New research analyzing outcomes among dialysis-dependent patients with end-stage kidney disease (ESKD) following in-hospital cardiac arrest dispels a common concern that those patients experience poorer outcomes.

Duke nephrologist Patrick H. Pun, MD, MHS, an author of the study published in January in the Clinical Journal of the American Society of Nephrology, says the research demonstrated that survival to discharge was comparable for dialysis-dependent patients to those who are not.

The study examined a nation-wide registry, the American Heart Association’s Get with The Guidelines®-Resuscitation (GWTG-R), where participating hospitals collected data on all in-hospital cardiac arrest resuscitation events to measure outcomes. Resuscitation procedures following any cardiac arrest in these hospitals is carefully documented, permitting a comprehensive review, says Pun, a researcher and specialist in treating patients requiring dialysis.

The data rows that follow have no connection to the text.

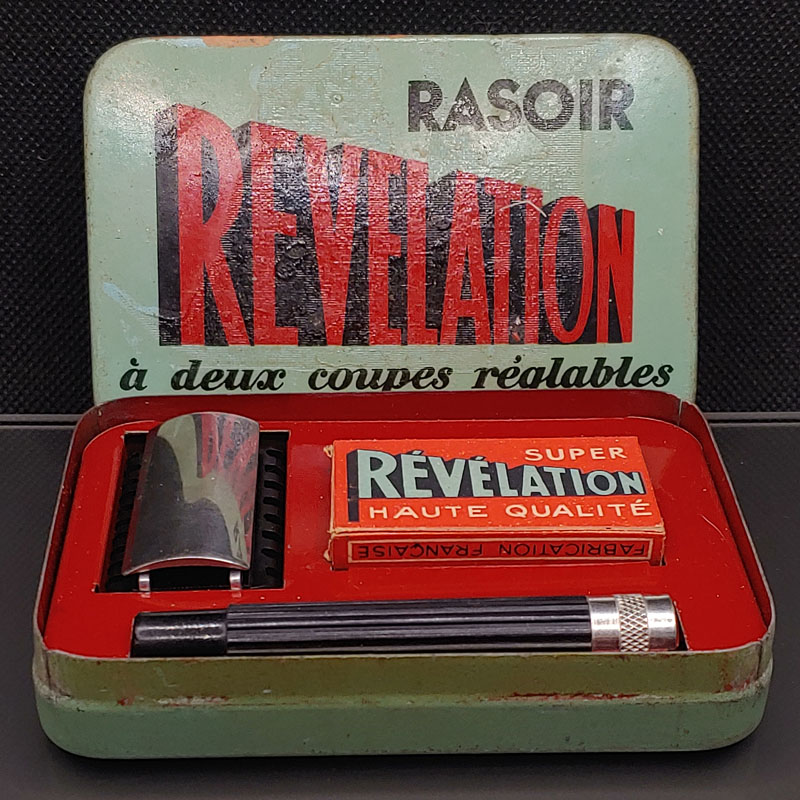Revelation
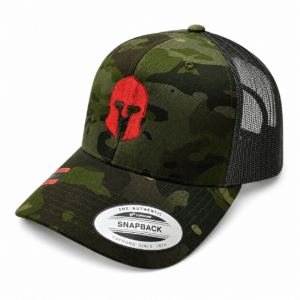 Lehmann Teamcap multicam tropic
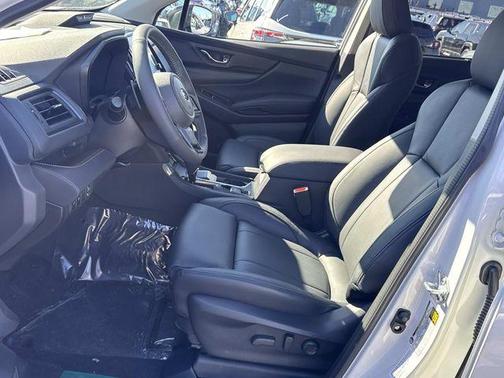 2026 Subaru Ascent Onyx Edition Touring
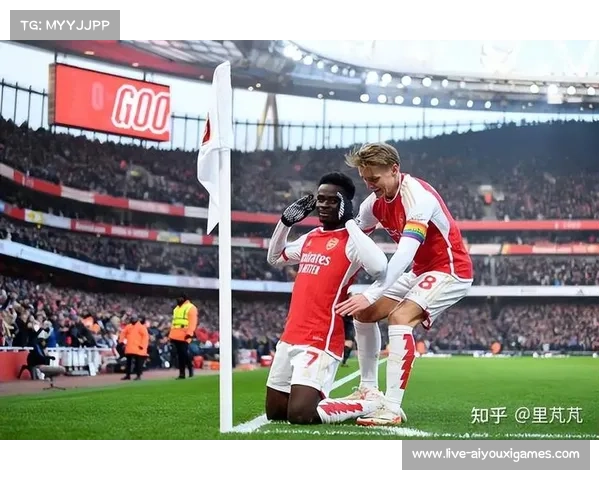 全场结束：阿森纳客场2-0击败狼队，萨卡与厄德高分别建功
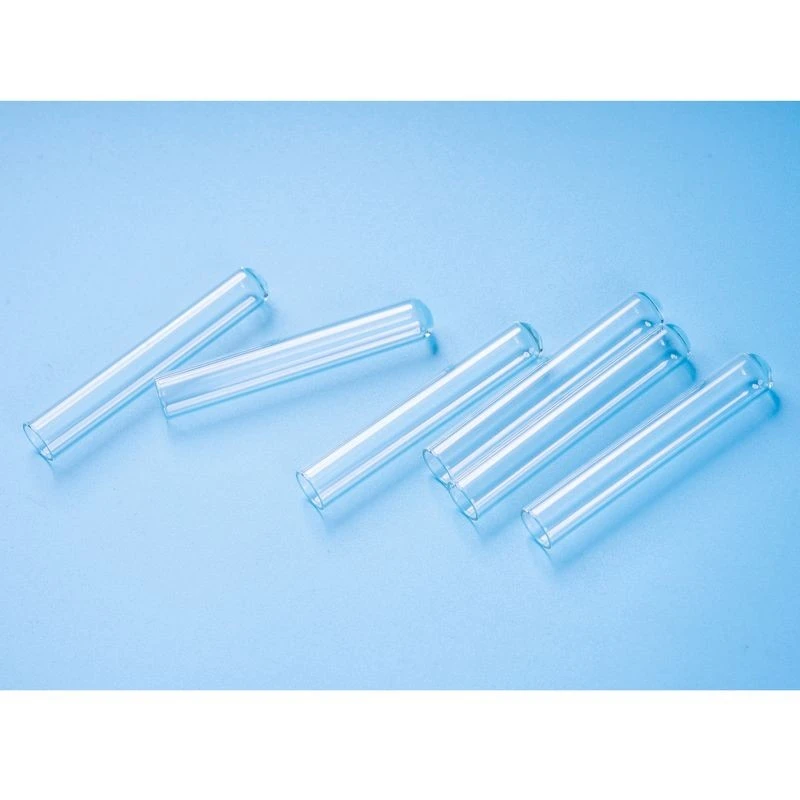 Disposable Plastic Test Tube For Laboratory Sample Collection price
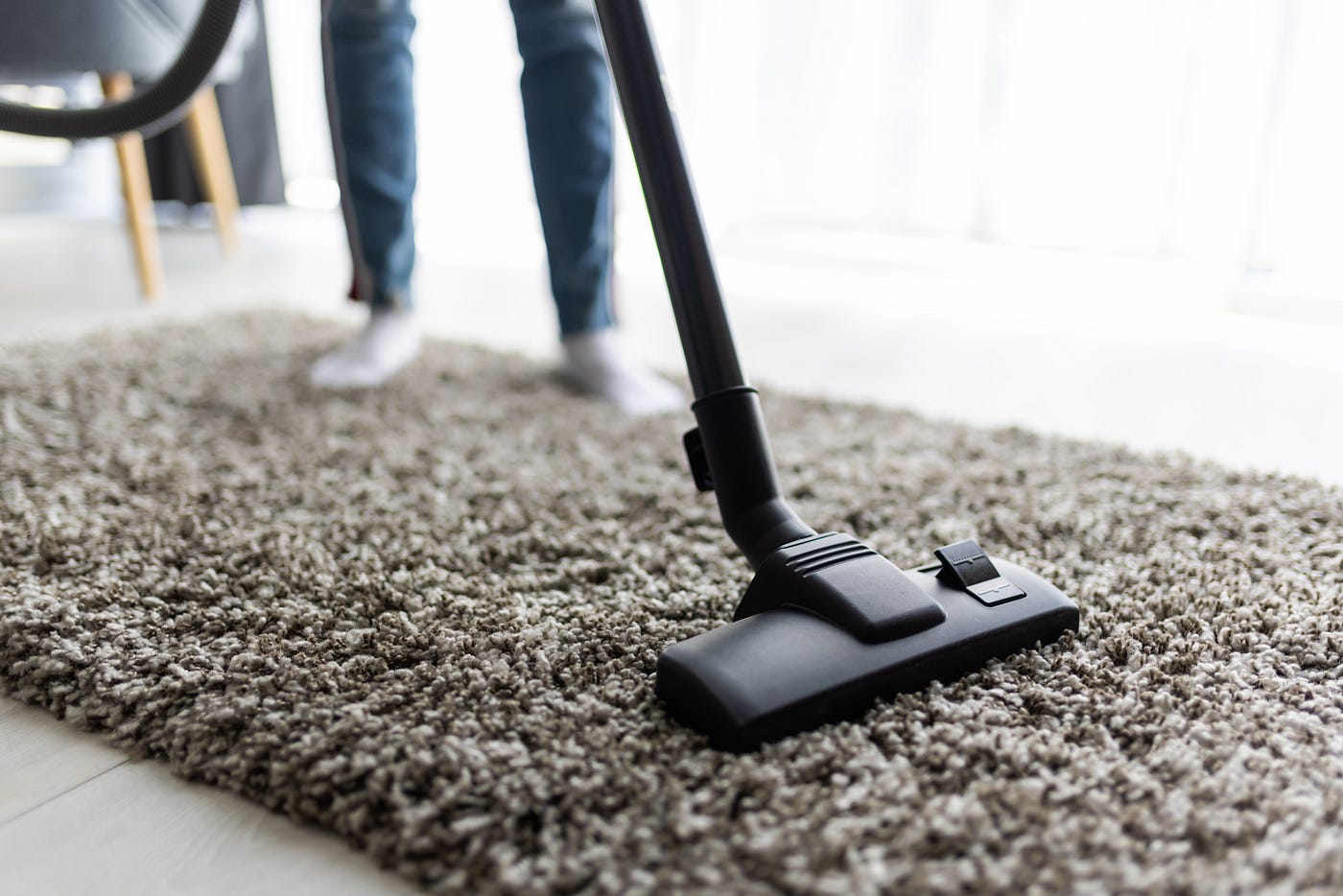 Carpet Cleaning 101: The Ultimate Guide to Reviving Your Floors and Creating a Healthier Home | by Rahman Sahabur | Medium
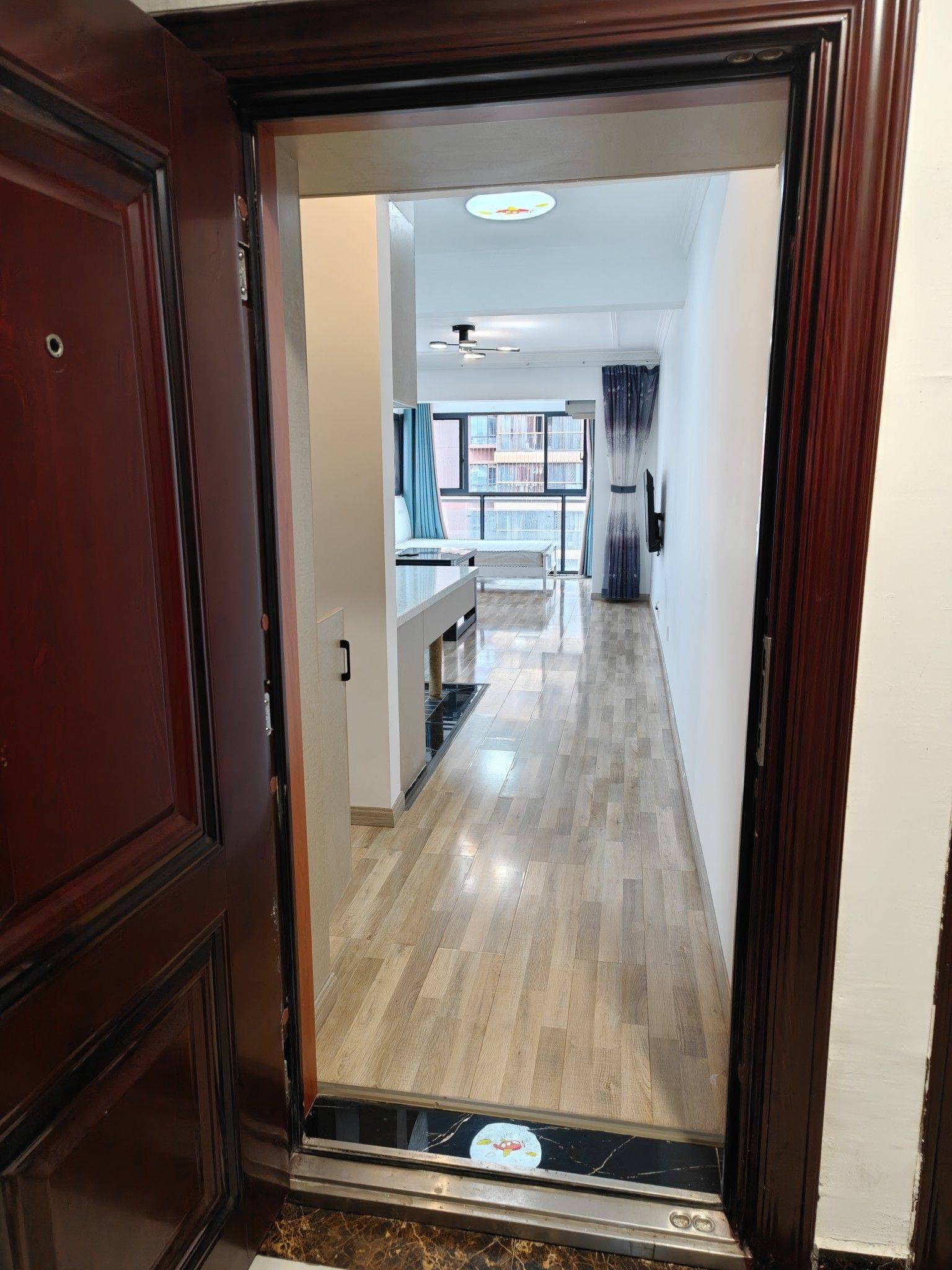 貴陽 雲巖 | 万隆国际_5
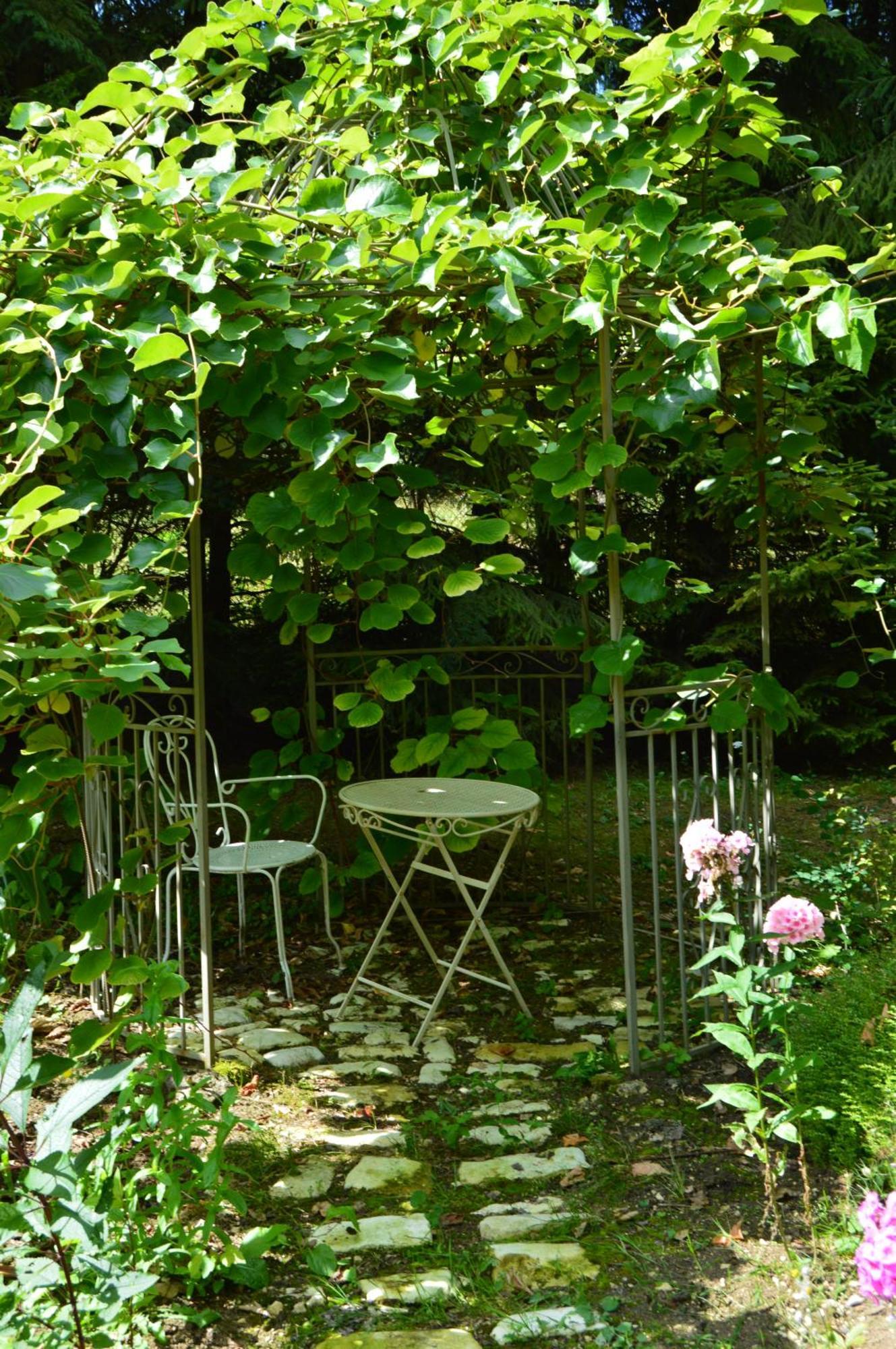 Les Insolites Watronville Esterno foto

The authors examined resuscitation records from more than 31,100 patients in GWTG-R, which was linked to Centers for Medicare and Medicaid Services data to identify more than 8,400 patients with ESKD receiving maintenance dialysis from 2000 to 2012.

Pun says the analysis attempted to answer several questions:

  • How did the resuscitation process take place?
  • Were dialysis patients treated differently during resuscitation than non-dialysis patients?
  • Did the resuscitation effort reflect a different level of intensity? If so, did that affect outcomes?

“Our a priori hypothesis on this comparison was that the patients on maintenance dialysis would experience lower-quality resuscitation care and lower survival rates, based on previous studies,” Pun says.

Minor differences in resuscitation quality

The study identified minor differences in resuscitation quality between patient groups, Pun notes. “But, as a whole, we found no major differences in the intensity of the effort. It’s reassuring to learn that, for the most part, patients on maintenance dialysis are not being treated differently in terms of resuscitation efforts.”

Pun says the overall results were surprising. “The patients dependent on dialysis had pretty much the same outcomes as patients who were not dependent. Survival to hospital discharge is just about the same, and the patients on dialysis were slightly more likely to leave the hospital with lower burden of neurologic disability.”

However, long-term outcomes following hospital discharge were not available for this study, and previous analyses have suggested that dialysis patients have shorter post-arrest lifespans. “The appropriate way to advise dialysis patients about the overall success rate of CPR after cardiac arrest is the subject of a great amount of debate, and our study on in-hospital outcomes adds another layer of nuance to the discussion” he says.

Previous analyses of post-arrest outcomes relied on administrative records that lacked detailed data on the cause and circumstances of the cardiac arrest. Significantly, none of the previous research had reviewed the intensity of the CPR performed.